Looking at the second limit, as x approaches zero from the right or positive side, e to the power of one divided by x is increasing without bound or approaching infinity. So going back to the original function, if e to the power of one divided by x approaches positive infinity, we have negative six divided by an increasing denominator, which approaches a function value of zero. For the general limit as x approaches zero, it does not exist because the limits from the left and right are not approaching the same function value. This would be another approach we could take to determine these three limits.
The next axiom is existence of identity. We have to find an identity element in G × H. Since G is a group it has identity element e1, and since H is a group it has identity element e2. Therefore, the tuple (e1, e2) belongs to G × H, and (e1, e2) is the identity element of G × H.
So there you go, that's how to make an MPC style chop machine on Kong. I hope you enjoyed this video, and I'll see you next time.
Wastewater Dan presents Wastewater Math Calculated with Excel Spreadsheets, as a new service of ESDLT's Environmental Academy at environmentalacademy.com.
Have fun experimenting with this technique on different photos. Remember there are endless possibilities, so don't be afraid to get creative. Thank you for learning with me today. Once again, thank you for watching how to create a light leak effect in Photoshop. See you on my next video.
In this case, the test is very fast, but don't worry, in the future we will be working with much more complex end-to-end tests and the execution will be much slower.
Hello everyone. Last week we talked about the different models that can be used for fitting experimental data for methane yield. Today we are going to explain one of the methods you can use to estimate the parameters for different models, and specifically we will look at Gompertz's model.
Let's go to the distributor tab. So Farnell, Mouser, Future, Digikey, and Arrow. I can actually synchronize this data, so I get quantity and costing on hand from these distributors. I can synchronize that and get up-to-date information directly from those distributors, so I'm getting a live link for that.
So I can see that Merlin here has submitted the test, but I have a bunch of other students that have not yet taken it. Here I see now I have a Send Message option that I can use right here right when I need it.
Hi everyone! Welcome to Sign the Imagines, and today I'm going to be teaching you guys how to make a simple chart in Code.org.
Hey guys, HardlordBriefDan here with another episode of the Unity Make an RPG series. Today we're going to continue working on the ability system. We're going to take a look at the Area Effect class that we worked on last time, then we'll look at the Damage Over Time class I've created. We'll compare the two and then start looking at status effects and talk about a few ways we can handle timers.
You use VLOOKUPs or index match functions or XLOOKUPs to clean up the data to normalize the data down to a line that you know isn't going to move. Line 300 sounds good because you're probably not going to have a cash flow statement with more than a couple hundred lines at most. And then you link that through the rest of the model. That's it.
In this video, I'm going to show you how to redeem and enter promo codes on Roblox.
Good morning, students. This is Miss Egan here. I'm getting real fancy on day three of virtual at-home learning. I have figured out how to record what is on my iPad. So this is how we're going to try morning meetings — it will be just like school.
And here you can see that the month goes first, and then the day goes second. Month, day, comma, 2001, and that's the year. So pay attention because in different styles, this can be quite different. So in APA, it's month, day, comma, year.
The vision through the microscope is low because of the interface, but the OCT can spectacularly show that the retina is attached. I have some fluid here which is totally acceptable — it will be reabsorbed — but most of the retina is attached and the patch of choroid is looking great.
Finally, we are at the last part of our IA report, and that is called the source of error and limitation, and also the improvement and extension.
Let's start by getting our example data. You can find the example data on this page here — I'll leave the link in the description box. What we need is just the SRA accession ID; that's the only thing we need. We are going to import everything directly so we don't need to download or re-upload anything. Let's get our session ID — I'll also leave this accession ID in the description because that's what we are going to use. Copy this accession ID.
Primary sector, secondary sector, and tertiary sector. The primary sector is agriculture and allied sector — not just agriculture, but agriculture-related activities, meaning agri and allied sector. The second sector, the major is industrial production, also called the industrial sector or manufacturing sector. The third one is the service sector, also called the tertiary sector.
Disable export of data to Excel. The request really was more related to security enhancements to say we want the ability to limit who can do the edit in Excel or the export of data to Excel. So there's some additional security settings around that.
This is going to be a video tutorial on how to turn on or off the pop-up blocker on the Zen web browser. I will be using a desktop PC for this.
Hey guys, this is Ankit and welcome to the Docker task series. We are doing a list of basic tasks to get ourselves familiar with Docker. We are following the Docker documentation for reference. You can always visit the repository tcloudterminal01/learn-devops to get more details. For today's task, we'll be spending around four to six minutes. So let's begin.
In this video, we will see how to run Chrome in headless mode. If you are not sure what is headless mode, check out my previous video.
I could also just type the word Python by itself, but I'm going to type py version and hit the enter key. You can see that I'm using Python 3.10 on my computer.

********

**Task:** Output the data in full, please, exactly as written.

**Answer to the exercise:**
Looking at the second limit, as x approaches zero from the right or positive side, e to the power of one divided by x is increasing without bound or approaching infinity. So going back to the original function, if e to the power of one divided by x approaches positive infinity, we have negative six divided by an increasing denominator, which approaches a function value of zero. For the general limit as x approaches zero, it does not exist because the limits from the left and right are not approaching the same function value. This would be another approach we could take to determine these three limits.
The next axiom is existence of identity. We have to find an identity element in G × H. Since G is a group it has identity element e1, and since H is a group it has identity element e2. Therefore, the tuple (e1, e2) belongs to G × H, and (e1, e2) is the identity element of G × H.
So there you go, that's how to make an MPC style chop machine on Kong. I hope you enjoyed this video, and I'll see you next time.
Wastewater Dan presents Wastewater Math Calculated with Excel Spreadsheets, as a new service of ESDLT's Environmental Academy at environmentalacademy.com.
Have fun experimenting with this technique on different photos. Remember there are endless possibilities, so don't be afraid to get creative. Thank you for learning with me today. Once again, thank you for watching how to create a light leak effect in Photoshop. See you on my next video.
In this case, the test is very fast, but don't worry, in the future we will be working with much more complex end-to-end tests and the execution will be much slower.
Hello everyone. Last week we talked about the different models that can be used for fitting experimental data for methane yield. Today we are going to explain one of the methods you can use to estimate the parameters for different models, and specifically we will look at Gompertz's model.
Let's go to the distributor tab. So Farnell, Mouser, Future, Digikey, and Arrow. I can actually synchronize this data, so I get quantity and costing on hand from these distributors. I can synchronize that and get up-to-date information directly from those distributors, so I'm getting a live link for that.
So I can see that Merlin here has submitted the test, but I have a bunch of other students that have not yet taken it. Here I see now I have a Send Message option that I can use right here right when I need it.
Hi everyone! Welcome to Sign the Imagines, and today I'm going to be teaching you guys how to make a simple chart in Code.org.
Hey guys, HardlordBriefDan here with another episode of the Unity Make an RPG series. Today we're going to continue working on the ability system. We're going to take a look at the Area Effect class that we worked on last time, then we'll look at the Damage Over Time class I've created. We'll compare the two and then start looking at status effects and talk about a few ways we can handle timers.
You use VLOOKUPs or index match functions or XLOOKUPs to clean up the data to normalize the data down to a line that you know isn't going to move. Line 300 sounds good because you're probably not going to have a cash flow statement with more than a couple hundred lines at most. And then you link that through the rest of the model. That's it.
In this video, I'm going to show you how to redeem and enter promo codes on Roblox.
Good morning, students. This is Miss Egan here. I'm getting real fancy on day three of virtual at-home learning. I have figured out how to record what is on my iPad. So this is how we're going to try morning meetings — it will be just like school.
And here you can see that the month goes first, and then the day goes second. Month, day, comma, 2001, and that's the year. So pay attention because in different styles, this can be quite different. So in APA, it's month, day, comma, year.
The vision through the microscope is low because of the interface, but the OCT can spectacularly show that the retina is attached. I have some fluid here which is totally acceptable — it will be reabsorbed — but most of the retina is attached and the patch of choroid is looking great.
Finally, we are at the last part of our IA report, and that is called the source of error and limitation, and also the improvement and extension.
Let's start by getting our example data. You can find the example data on this page here — I'll leave the link in the description box. What we need is just the SRA accession ID; that's the only thing we need. We are going to import everything directly so we don't need to download or re-upload anything. Let's get our session ID — I'll also leave this accession ID in the description because that's what we are going to use. Copy this accession ID.
Primary sector, secondary sector, and tertiary sector. The primary sector is agriculture and allied sector — not just agriculture, but agriculture-related activities, meaning agri and allied sector. The second sector, the major is industrial production, also called the industrial sector or manufacturing sector. The third one is the service sector, also called the tertiary sector.
Disable export of data to Excel. The request really was more related to security enhancements to say we want the ability to limit who can do the edit in Excel or the export of data to Excel. So there's some additional security settings around that.
This is going to be a video tutorial on how to turn on or off the pop-up blocker on the Zen web browser. I will be using a desktop PC for this.
Hey guys, this is Ankit and welcome to the Docker task series. We are doing a list of basic tasks to get ourselves familiar with Docker. We are following the Docker documentation for reference. You can always visit the repository tcloudterminal01/learn-devops to get more details. For today's task, we'll be spending around four to six minutes. So let's begin.
In this video, we will see how to run Chrome in headless mode. If you are not sure what is headless mode, check out my previous video.
I could also just type the word Python by itself, but I'm going to type py version and hit the enter key. You can see that I'm using Python 3.10 on my computer.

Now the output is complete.